Thema verfehlt: Das Positionspapier des Handels zum RFID-Einsatz
Der Handelsverband „GS1 Germany“ stellte am Freitag, den 29.6.2006 sein „Positionspapier RFID/EPC und Datenschutz“ vor. Das Papier will „Grundsätze“ formulieren, die den Handelsunternehmen als „Richtlinie“ beim Einsatz von RFID auf Basis des sogenannten Electronic Product Code (EPC) dienen sollen. Insbesondere sollen diese bei Anwendungen beachtet werden, bei denen Verbraucher betroffen sind.
Müssen wir (wie in diesem Künstlervideo) im Supermarkt unsere Privatspäre mit Regenschirmen und Störsendern verteidigen?
GS1 formuliert darin Anforderungen der Wirtschaft an den Datenschutz, wie sie bei der Verbreitung von RFID in Zukunft für sinnvoll gehalten werden.
Während der Handelsverband noch vorgeblich um Konsensfindung bemüht, an einer durch das Bundesministerium für Ernährung, Landwirtschaft und Verbraucherschutz initiierten Arbeitsgruppe teilnahm, strickte er im Hintergrund offenbar schon an seinem einseitigen Positionspapier. Anscheinend diskutierten die übrigen Mitglieder der Arbeitsgruppe, Datenschützer, Verbraucherschützer, die Bundesministerien des Innern, für Wirtschaft und Technologie sowie für Verbraucherschutz die Risiken der neuen Technologie zu ernsthaft.
Aus der Sicht der Verbraucher ist das vorgelegte Papier wertlos. Obwohl die Verbreitung von RFID in den nächsten Jahren stark zunehmen wird und die Auswirkungen auf die Persönlichkeitsrechte der Verbraucher auch nicht im Ansatz systematisch untersucht sind, beschränkt sich das Positionspapier auf die wortreiche Anpreisung der Vorzüge von RFID. In seinem Datenschutz-Teil beschränkt es sich auf einige verfehlte Behauptungen. Absichtsvoll naiv erscheint dabei die These, dass ein Personenbezug von RFID- Produktkennungen nur in Ausnahmefällen vorliege: nämlich dann, wenn ein Unternehmen in der Lage sei, mit seinen eigenen Daten ohne unverhältnismäßigen Aufwand einen Personenbezug herzustellen. Diese Voraussetzung wird jedoch in modernen Warenhäusern durch jede Videoüberwachung, jedes Kundenkartensystem und jede Nutzung des EPC für elektronische Kassiervorgänge erfüllt.
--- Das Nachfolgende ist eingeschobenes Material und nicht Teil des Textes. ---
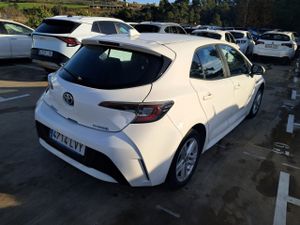 Toyota Corolla 1.8 125h Active Tech E-cvt - Foto 5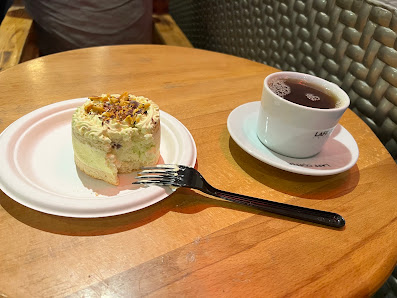 LAFF COFFEE Yeme-içme görseli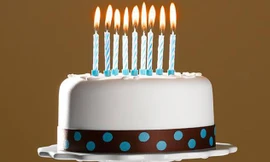 Bị phạt tiền vì tổ chức sinh nhật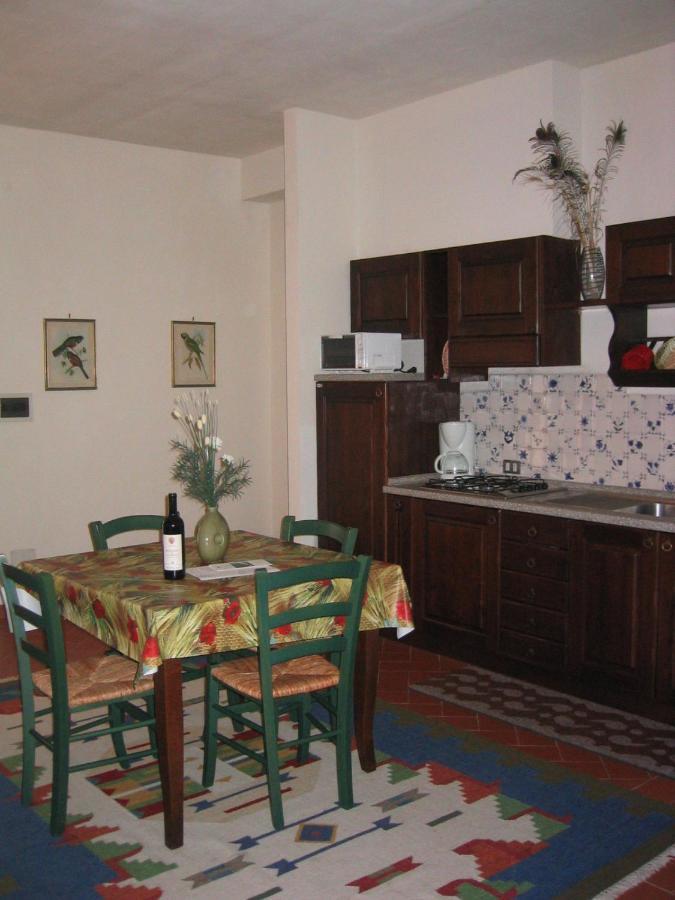 Agriturismo Morisfarms - Podere Cancelloni Massa Marittima Luaran gambar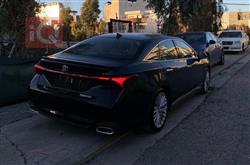 تۆیۆتا ئەڤەلۆن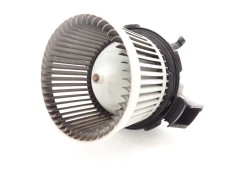 Recambio de motor calefaccion para fiat 500 referencia OEM IAM 5A033000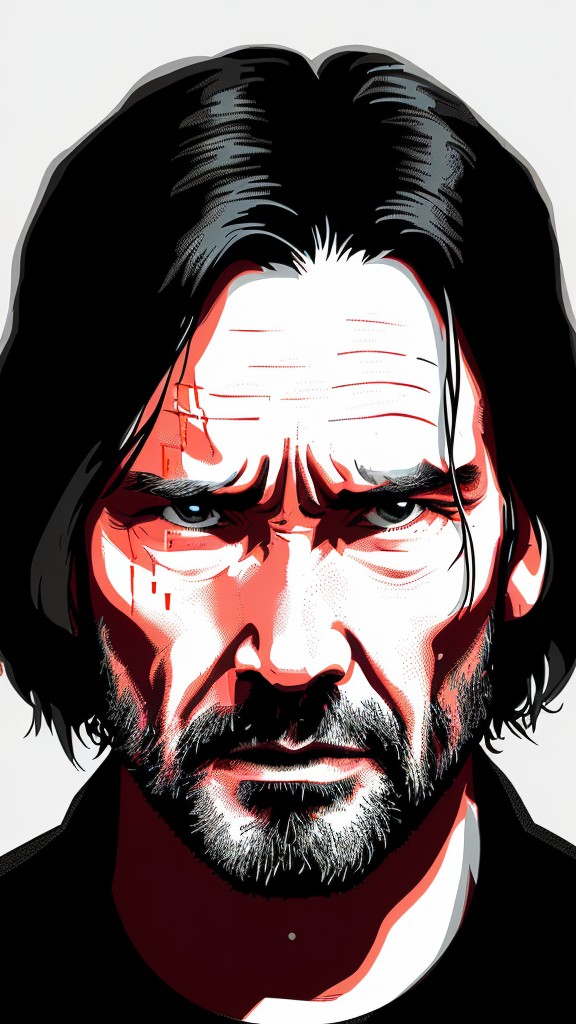 John Wick Picture - Image Abyss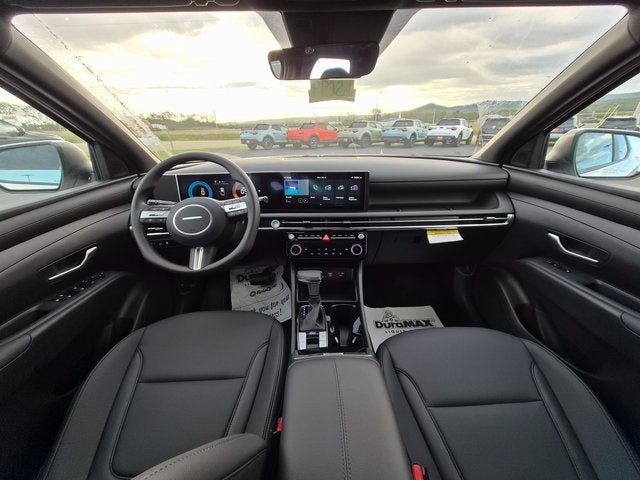 2026 Hyundai SANTA CRUZ SEL AWD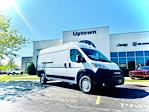 New 2025 Ram ProMaster 2500 High Roof Empty Cargo Van for sale #D64340 - photo 1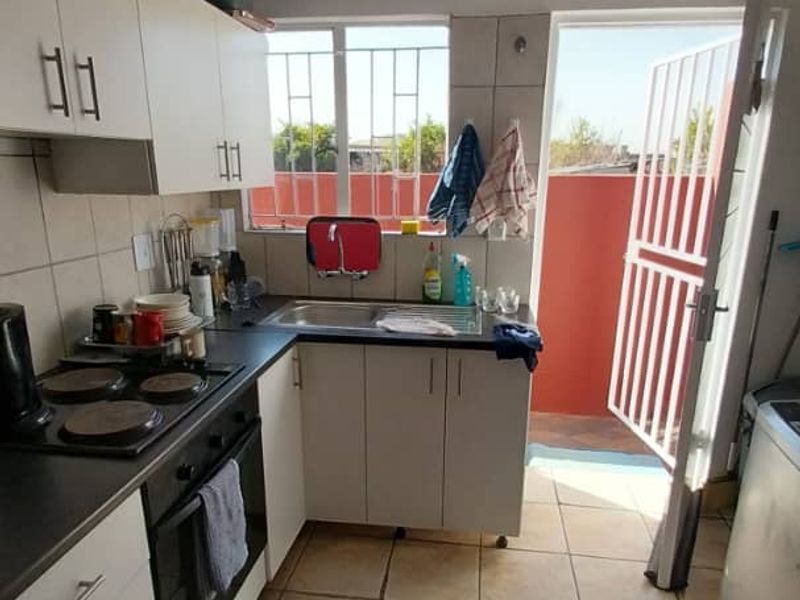 Rehoboth Block G 2 Bedroom apartment Unit 5 - Photo 3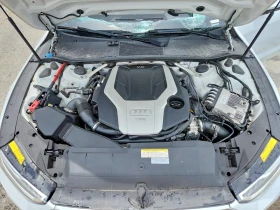 Audi A7 PRESTIGE S-LINE| MATRIX| B&O| 360, снимка 11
Die Fragwürdigkeit mancher Anwendungen der neuen Technologie werden ganz offensichtlich nicht verstanden: etwa der Einsatz von Hintergrundanwendungen und die Verknüpfungsmöglichkeiten von EPC-Seriennummern mit personenbezogenen Profilen. Vielmehr werden derartige Einsatzmöglichkeiten bereits heute von GS1 beworben. Warum beruhigt einen der unqualifizierte wie pauschale Hinweis nicht, dass die beteiligten Einzelunternehmen das Bundesdatenschutzgesetz beachten werden? Er zeigt nur deutlich, dass der Handel auch nicht ansatzweise über ein Datenschutz- und Verbraucherschutzkonzept für den Einsatz von RFID verfügt. Seiner Bringschuld gegenüber den Verbrauchern kommt er nicht nach, nämlich die klare Zusicherung zu geben, RFID nur offen, zeitbegrenzt und zweckgebunden in Konsumartikeln zu verwenden. Auch von den angekündigten Nachfolgeversionen des Positionspapiers zu zukünftigen RFID- Anwendungen sind unter diesen Voraussetzungen keine fundierten Aussagen mehr zu erwarten.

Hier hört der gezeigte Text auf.